運営は、さいたま市内で障害者支援施設「ゆずり葉」や生活介護事業所「杉の子マート」などを展開する社会福祉法人「埼玉福祉事業協会」(さいたま市西区)。うどんの製麺事業は、「うどん店を畳む」という人から連絡をもらったことがきっかけで始めたという。「後継者がなく閉店した『松葉納豆 鶴の子本舗』を当法人が受け継いだというニュースを見て連絡があった方から不要になった製麺機を引き取り、職人に指導を受けて麺作りを始め、試行錯誤を重ねてきた」と同法人理事長の高橋清子さんは振り返る。
福祉職の人が飲食を学んで店を始めるのではなく、調理師や栄養士などの専門職経験者が、障害のある人と働くことを学んで店を作っている点が同店の特徴。高橋さんは「それぞれの力を生かせる場面を見つけ、業務を分担している。話すことが好きな人には接客を、手先の器用な人には盛り付けを任せる。食材やおしぼりにも法人内事業所の製品を使っている。いろいろな個性を持つ人たちの力が合わさって店が成り立っている」と説明する。

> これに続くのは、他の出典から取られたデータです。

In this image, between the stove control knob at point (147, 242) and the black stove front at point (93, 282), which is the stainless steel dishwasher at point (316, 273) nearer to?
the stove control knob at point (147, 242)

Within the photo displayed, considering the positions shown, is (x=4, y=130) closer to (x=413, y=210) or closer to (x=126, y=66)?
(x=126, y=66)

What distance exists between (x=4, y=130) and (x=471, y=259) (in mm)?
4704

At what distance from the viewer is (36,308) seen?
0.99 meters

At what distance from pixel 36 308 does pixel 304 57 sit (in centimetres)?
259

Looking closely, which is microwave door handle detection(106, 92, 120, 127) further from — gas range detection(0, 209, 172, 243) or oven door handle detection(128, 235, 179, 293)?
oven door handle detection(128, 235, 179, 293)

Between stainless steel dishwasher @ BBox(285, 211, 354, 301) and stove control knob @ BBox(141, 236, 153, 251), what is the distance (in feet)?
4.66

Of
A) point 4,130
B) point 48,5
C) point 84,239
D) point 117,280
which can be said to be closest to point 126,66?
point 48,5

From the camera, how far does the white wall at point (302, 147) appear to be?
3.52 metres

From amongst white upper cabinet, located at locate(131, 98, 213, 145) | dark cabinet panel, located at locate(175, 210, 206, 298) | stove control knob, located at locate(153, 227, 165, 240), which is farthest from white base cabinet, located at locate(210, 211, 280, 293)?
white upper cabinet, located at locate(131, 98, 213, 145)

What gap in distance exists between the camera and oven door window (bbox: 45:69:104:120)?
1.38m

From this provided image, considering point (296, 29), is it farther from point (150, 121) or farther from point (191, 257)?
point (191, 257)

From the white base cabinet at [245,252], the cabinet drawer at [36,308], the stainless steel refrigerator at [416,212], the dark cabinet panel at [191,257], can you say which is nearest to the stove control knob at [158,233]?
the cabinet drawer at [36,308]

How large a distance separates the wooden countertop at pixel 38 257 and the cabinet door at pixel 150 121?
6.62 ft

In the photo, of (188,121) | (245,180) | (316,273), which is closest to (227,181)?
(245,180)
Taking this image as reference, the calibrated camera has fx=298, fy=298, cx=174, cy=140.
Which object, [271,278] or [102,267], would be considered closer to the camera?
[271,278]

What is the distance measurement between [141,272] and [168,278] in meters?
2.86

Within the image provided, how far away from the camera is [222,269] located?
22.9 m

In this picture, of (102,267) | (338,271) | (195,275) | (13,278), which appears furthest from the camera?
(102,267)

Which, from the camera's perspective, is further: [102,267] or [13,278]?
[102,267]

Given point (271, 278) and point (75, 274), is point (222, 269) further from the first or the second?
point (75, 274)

同店のメニューには、自社農園で生産した野菜や果樹、米や蜂蜜のほか、埼玉県産の野菜などを使い、法人内の給食調理で経験を積んだ障害のあるスタッフが「ステップアップ」で厨房を担当する。かけうどん(440円)、にちにちうどん(740円)、えび天うどん(900円)などの自家製うどんメニューのほか、あかしあの森カレー、和総菜ご膳(以上800円)などのご飯メニューもそろえる。「お子さま向けメニュー」(400円~)や、チーズケーキ、抹茶ロールケーキ(以上500円)などのデザートやドリンク(400円~)も用意。販売スペースでは、自家製うどん、同法人の多機能型事業所「あかしあの森」のパンや焼き菓子、松葉納豆を継承して生産する「杉の子納豆」などを販売する。

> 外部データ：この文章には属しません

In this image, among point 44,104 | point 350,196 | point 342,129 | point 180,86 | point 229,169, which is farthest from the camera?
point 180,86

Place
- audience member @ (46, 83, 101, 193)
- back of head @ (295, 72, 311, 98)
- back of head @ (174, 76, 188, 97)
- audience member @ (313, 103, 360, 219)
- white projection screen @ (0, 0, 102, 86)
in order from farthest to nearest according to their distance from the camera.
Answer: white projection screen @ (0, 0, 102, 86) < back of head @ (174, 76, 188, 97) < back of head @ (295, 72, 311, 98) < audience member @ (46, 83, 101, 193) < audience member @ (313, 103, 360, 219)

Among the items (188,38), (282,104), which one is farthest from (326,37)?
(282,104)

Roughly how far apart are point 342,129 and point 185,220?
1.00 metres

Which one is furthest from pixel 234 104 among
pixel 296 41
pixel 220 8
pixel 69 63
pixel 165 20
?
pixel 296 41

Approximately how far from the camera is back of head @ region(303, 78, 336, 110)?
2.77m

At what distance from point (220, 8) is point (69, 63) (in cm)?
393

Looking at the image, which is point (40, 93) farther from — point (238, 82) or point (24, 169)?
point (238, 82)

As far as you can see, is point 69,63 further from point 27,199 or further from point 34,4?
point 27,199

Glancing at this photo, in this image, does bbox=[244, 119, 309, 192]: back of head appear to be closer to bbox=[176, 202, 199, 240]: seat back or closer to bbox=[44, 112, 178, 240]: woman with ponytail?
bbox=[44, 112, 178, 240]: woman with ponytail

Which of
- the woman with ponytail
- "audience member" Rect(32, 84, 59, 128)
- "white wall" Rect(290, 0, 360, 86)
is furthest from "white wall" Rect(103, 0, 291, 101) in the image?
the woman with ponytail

同店で働く鶴田順美(ゆきみ)さんは、「お客さまの喜ぶ顔が見られてとても楽しい。3年ほど『ゆずり葉』のパン工場で働いていたが異動してきた。最初は不安で断ろうかと思ったが、高橋さんから『失敗してもいい、それが成長につながる』と言われ、やってみることにした。時給もアップして、チャレンジして良かった」と話す。高橋さんは「おいしく食べてもらうことが、障害のある人の自立につながる。平日17時以降や市役所閉庁日は宴会の予約も可能。ぜひ利用してほしい」と呼びかける。

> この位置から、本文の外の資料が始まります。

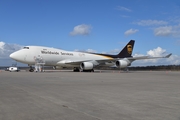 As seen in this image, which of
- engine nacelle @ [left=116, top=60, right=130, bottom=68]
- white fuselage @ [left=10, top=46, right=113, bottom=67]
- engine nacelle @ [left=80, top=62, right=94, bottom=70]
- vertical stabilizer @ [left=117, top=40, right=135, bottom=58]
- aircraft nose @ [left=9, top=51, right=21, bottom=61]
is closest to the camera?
aircraft nose @ [left=9, top=51, right=21, bottom=61]

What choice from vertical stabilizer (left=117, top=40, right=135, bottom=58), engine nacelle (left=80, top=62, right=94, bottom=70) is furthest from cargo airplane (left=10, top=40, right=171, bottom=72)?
vertical stabilizer (left=117, top=40, right=135, bottom=58)

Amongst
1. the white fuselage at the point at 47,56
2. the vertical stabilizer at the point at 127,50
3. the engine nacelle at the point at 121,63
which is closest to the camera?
the white fuselage at the point at 47,56

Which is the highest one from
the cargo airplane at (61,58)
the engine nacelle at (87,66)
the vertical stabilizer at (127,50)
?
the vertical stabilizer at (127,50)

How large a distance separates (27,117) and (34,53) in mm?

2人連れで来店した40代男性は「打ち合わせの後、お茶に立ち寄った。2回目の来店だが、過ごしやすくていい」と話す。以前、同法人の試食会でもうどんを食べたという40代男性は「野菜かき揚げうどんとミニカレーを食べた。半年前の試食会よりおいしくなって驚いた」と話していた。
営業は市役所開庁日・時間に準じる。事前予約の場合、開庁日の17時以降や閉庁日の営業にも対応するという。